Before we dive in to the analysis, I need to offer thanks to a few people. First, Elo data was obtained from the brilliant site Ultimate Tennis Statistics. Elo ratings specific to the surface being played on has been used. Their calculations on coming up with an elo rating is explained here.

Next, I’d love to thank Jeff Sackmann for his brilliant Tennis Data repository, especially for the ATP results data found here.

Big thanks to Andrew Whelan (who has a brilliant site Wheelo Ratings providing statistics, records and Elo ratings for a number of sports) for being a sounding board, as have some great colleagues at work.

Finally, there have been many inspirations for this post, including the thought-provoking discussions had on the Wharton Moneyball podcast anytime tennis is brought up.

## Analysis

To get started and to understand the Elo ratings of players, we can take a look at the distribution of surface-specific Elo ratings for players playing in grand slams.

The peaks for all tournaments at 1,500 needs explaining - when a player enters a tournament, they may not necessarily have played enough on the surface, so as a default these players are given a rating of 1,500 for this analysis (Ultimate Tennis Statistics starts a player off on a rating of 1,500 also).

The distribution of Elo ratings appear to be distributed fairly similarly across the four grand slams. There are more players who have had an Elo of 1,500 for Wimbledon, but other than that, the differences are fairly negligible.

Important to note with the distribution of each tournaments, having a pre-tournament Elo rating greater than 2,250 (two standard deviations from the mean) is pretty rare, and even rarer still for a player to have an Elo rating higher than 2,250 **that isn’t one of the big 3**.

### Elo Criticism

One (probably valid) criticism of Elo ratings is that the average Elo rating can change over time and across eras so may not be comparable over time (e.g. an Elo rating of 2,000 in 2005 may not be equivalent to 2,000 in 2023). This needs to be considered when assessing the results in the below sections.
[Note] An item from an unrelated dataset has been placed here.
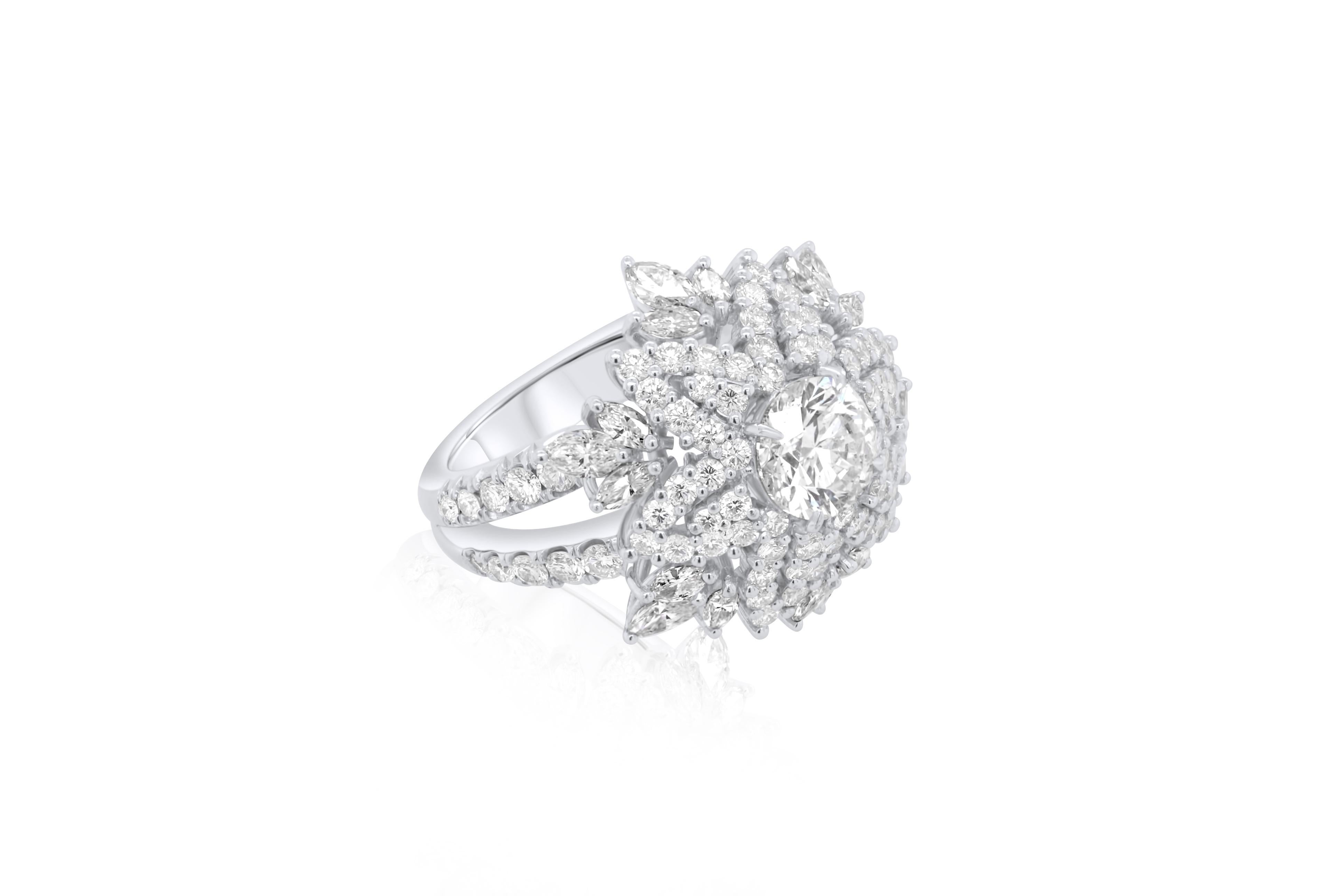 Modern Diana M. 3.00 cts tw of diamonds in a snowflake design  For Sale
To get an idea of how these ratings have changed over time, the average Elo rating of competitors at each grand slam is plotted below. Important to note that the y-axis scale (Elo ratings) doesn’t start at zero, so the fluctuations are accentuated.

Looking at individual grand slams and the distribution of Elo ratings of the opponents of the big three in their grand slam wins, we can see that they typically have faced very similar rated players. Federer’s median opponent Elo rating in his tournament wins has been sightly the highest of the three (2,014, Djokovic 2,012 and Nadal 2,002), however his average (arithmetic mean) is slightly lower at 1,992 than that of Djokovic (2,004). Nadal has both the lowest median and average opponent Elo in his grand slam wins. This is because Federer hasn’t played as many high rated outliers as Djokovic has (and to a lesser extent Nadal).

### Standardising Elo

A potential flaw in using the Elo ratings of each tournament is that it doesn’t normalise for the distribution of talent (Elo ratings) over time. Some year’s tournaments may see more higher rated players competing, while other tournaments may contain weaker fields. When comparing across different time periods, it might be better to attempt to standardise each opponents’ strength rating.
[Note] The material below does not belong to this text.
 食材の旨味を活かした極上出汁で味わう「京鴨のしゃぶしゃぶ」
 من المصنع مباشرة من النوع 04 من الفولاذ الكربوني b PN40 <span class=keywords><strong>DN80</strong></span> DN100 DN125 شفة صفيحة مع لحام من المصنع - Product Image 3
One way to do this is to calculate the standard score (z-score) for each player’s rating, which essentially ranks the players rating within the confines of the distribution of the space selected - in this case each tournament over the entire 22 and a bit years. I won’t go into the full details of the z-score, however a simple way to think about it is a z-score of zero indicates the opponent’s Elo rating is average. The higher it goes above zero, the better the Elo rating is historically (conversely the further below zero it goes the worse the Elo rating).

For example, Stafanos Tsitsipas’s pre 2023 Aus Open Elo rating was 2,176, which gives a z-score of 1.62 for the 2023 Aus Open, however the z-score for all Aus Opens over the period analysed is 1.57. Given that his historical z-score is slightly lower suggests that the 2023 Aus Open may have been generally weaker overall than other years.

We can then sum these historical z-scores up for each tournament and give a comparable strength score for each grand slam win. Put simply, the higher this number is, the tougher the opponents faced for their respective winning tournaments.

To compare each of the big three over their respective winning grand slams, we can take an average tournament z-score of opponents ratings to see which of the three had tougher tournament opponents.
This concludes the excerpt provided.